Data section:
- - - - - - -

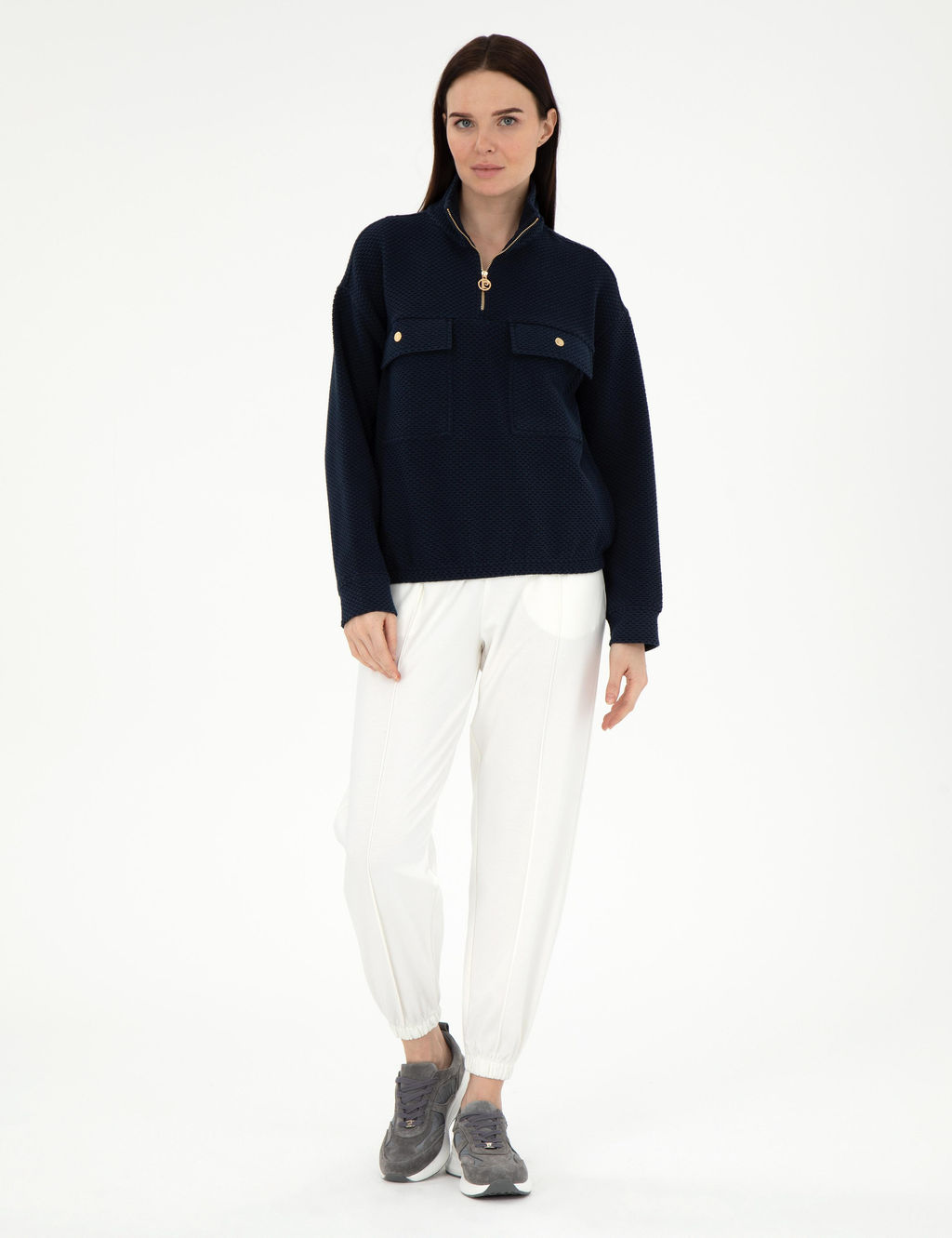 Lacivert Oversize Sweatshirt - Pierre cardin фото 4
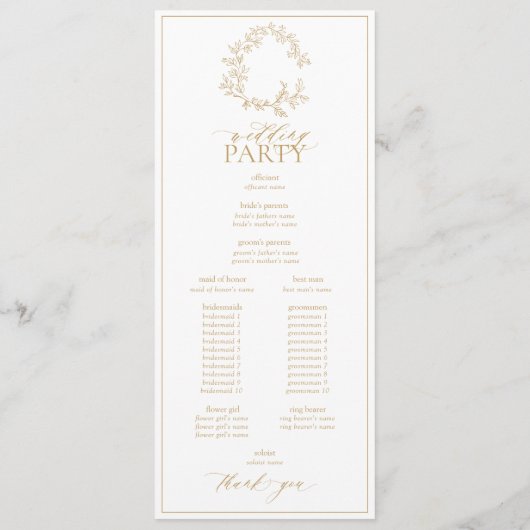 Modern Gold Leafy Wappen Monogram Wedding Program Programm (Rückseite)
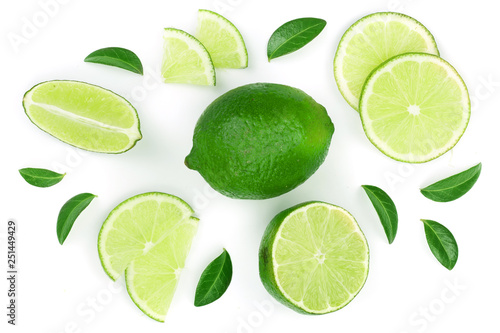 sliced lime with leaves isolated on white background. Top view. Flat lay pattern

- - - - - - -

What is being asked: Print out all the material word for word but exclude any images.

Output of the exercise:
 Lacivert Oversize Sweatshirt - Pierre cardin фото 4
 Modern Gold Leafy Wappen Monogram Wedding Program Programm (Rückseite)
 sliced lime with leaves isolated on white background. Top view. Flat lay pattern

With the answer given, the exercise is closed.